Must Have: * 5+ years of experience as a DevOps / SRE / Infrastructure engineer. * Proven experience managing large-scale SaaS systems on AWS (EKS, RDS, Kafka, Redis, S3, Lambda, CloudWatch). * Deep understanding of Kubernetes architecture and container orchestration at scale, Karpenter. * Hands-on experience with Terraform, Helm, and CI/CD automation (GitHub Actions, Jenkins, or ArgoCD). * Strong scripting skills in Python, Bash, or Go. * Familiarity with monitoring and alerting tools (Prometheus, Grafana, Loki, ELK). * Experience using or integrating AI-assisted tools (e.g., for observability, auto-remediation, or developer productivity). * Excellent troubleshooting skills and a proactive mindset for reliability and performance optimization
Nice to Have: * Experience in multi-environment / multi-tenant SaaS or cybersecurity / threat intelligence systems. * Knowledge of AI/ML pipelines or AIOps concepts.. * Background in cost optimization and FinOps practices. * Familiarity with Kafka scaling, Redis clustering, and AWS service-level tuning.
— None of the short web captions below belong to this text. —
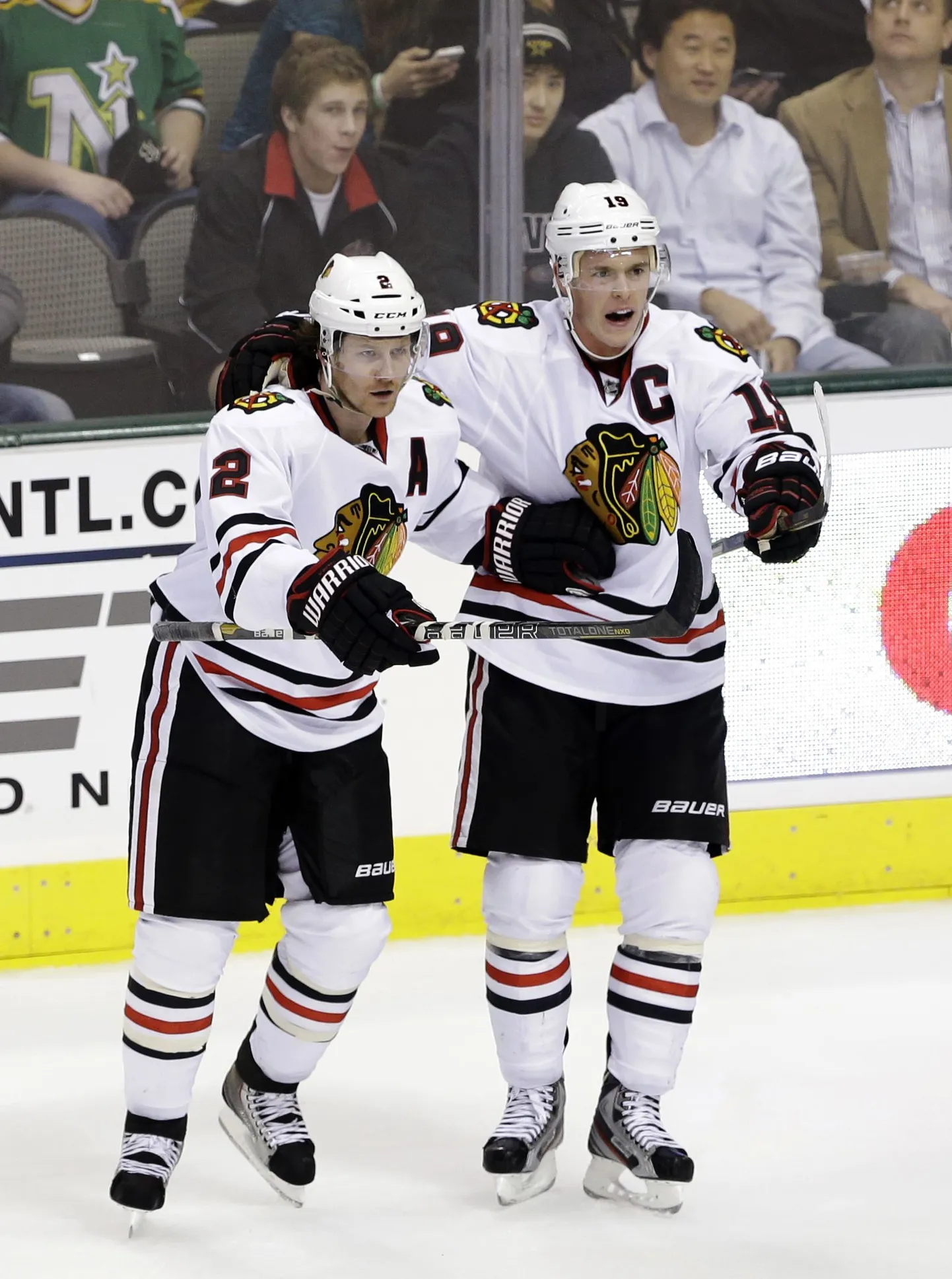Chicago Blackhawks mängijad Duncan Keith (2) ja Jonathan Toews (19)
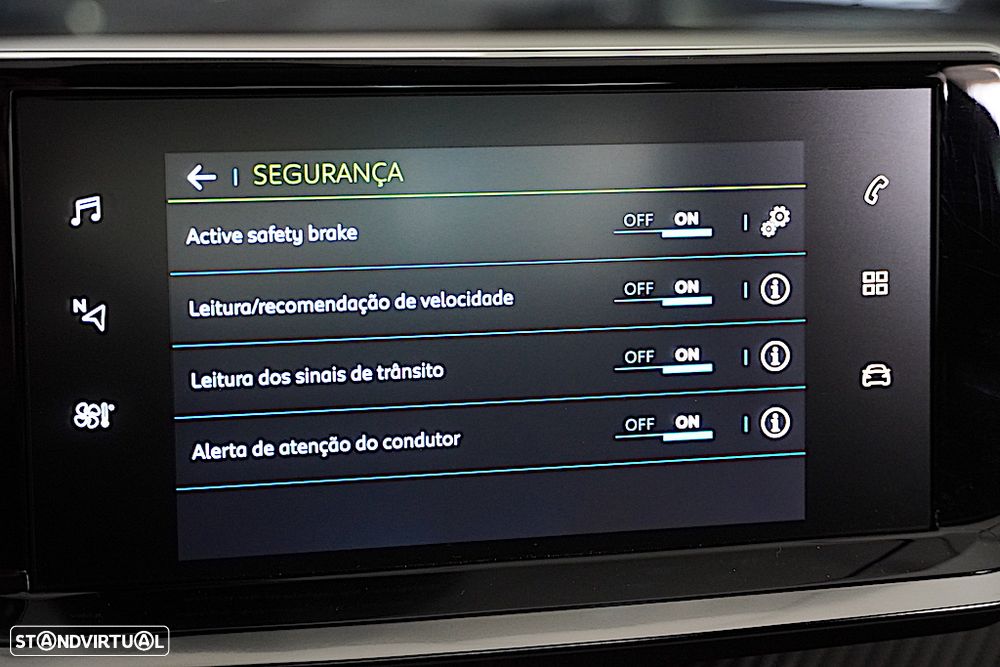 Peugeot e-2008 50 kWh Allure Pack - 42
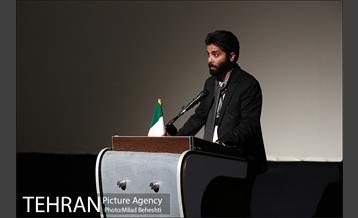 اکران خیریه فیلم گرگ بازی به نفع زلزله زدگان کرمانشاه 9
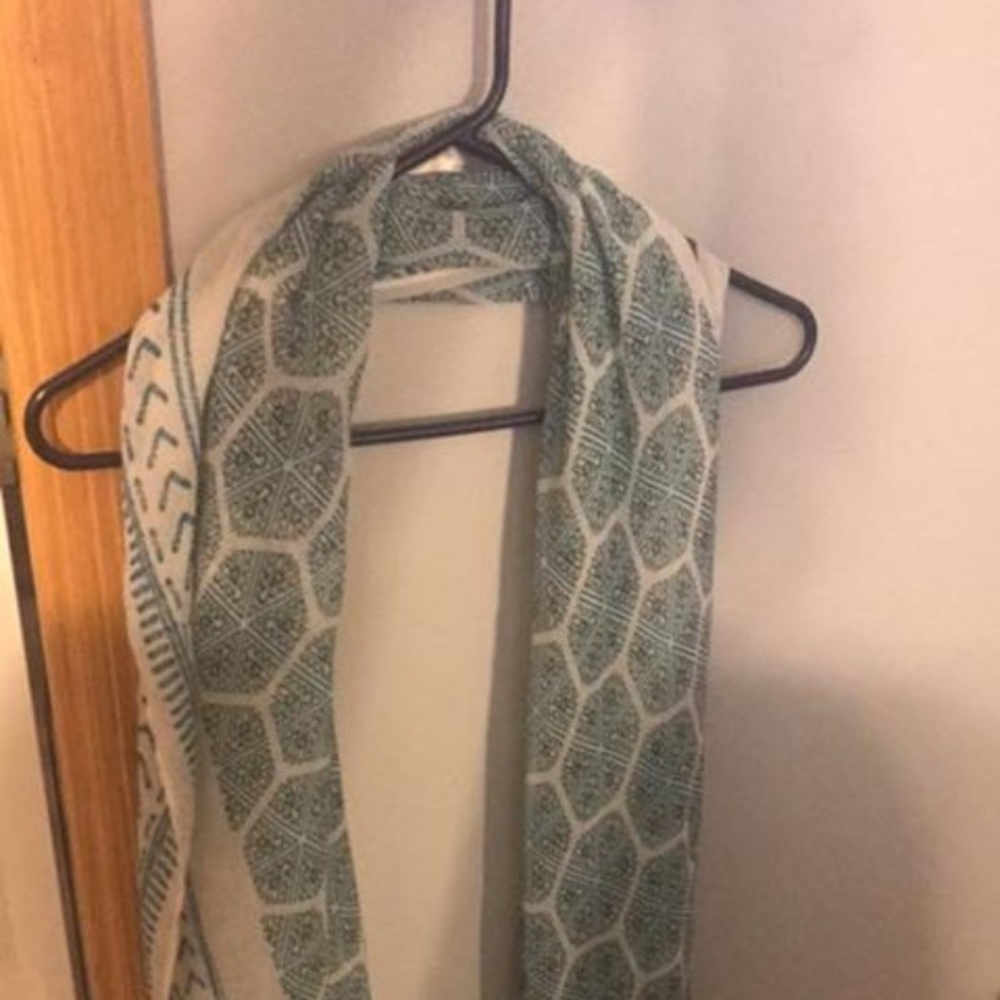 Scarf! Same day shipping!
Your day-to-day in this position: * Be a key player in scaling and modernizing a global cyber intelligence SaaS serving leading enterprises. * Collaborate with top-tier engineers and architects driving automation and intelligent operations. * Take ownership and lead initiatives that directly affect uptime, reliability, and efficiency. * Work in an environment that encourages innovation, experimentation, and adoption of AI and automation in day-to-day operations. * Lead the DevOps domain: define architecture, automation strategy, and reliability goals for the entire R&D organization. * Own infrastructure scalability and performance: ensure our Kubernetes (EKS)-based environments are resilient, efficient, and cost-optimized. * Develop and maintain CI/CD pipelines using GitHub Actions, Jenkins, or ArgoCD to support fast, reliable, and automated delivery. * Drive observability and reliability initiatives: monitor system health via Prometheus, Grafana, and CloudWatch; define metrics, alerts, and SLOs. * Leverage AI/automation tooling (e.g., anomaly detection, alert classification, cost prediction) to enhance monitoring, response, and efficiency. * Manage infrastructure as code (Terraform, Helm, CloudFormation) and enforce IaC best practices. * Collaborate with engineering teams to design infrastructure for new services, improve developer experience, and ensure secure deployments. * Ensure system uptime and production readiness: lead root cause analysis, incident response, and capacity planning. * Continuously evaluate emerging technologies, including AI-driven ops tools, to improve scalability, reliability, and delivery velocity.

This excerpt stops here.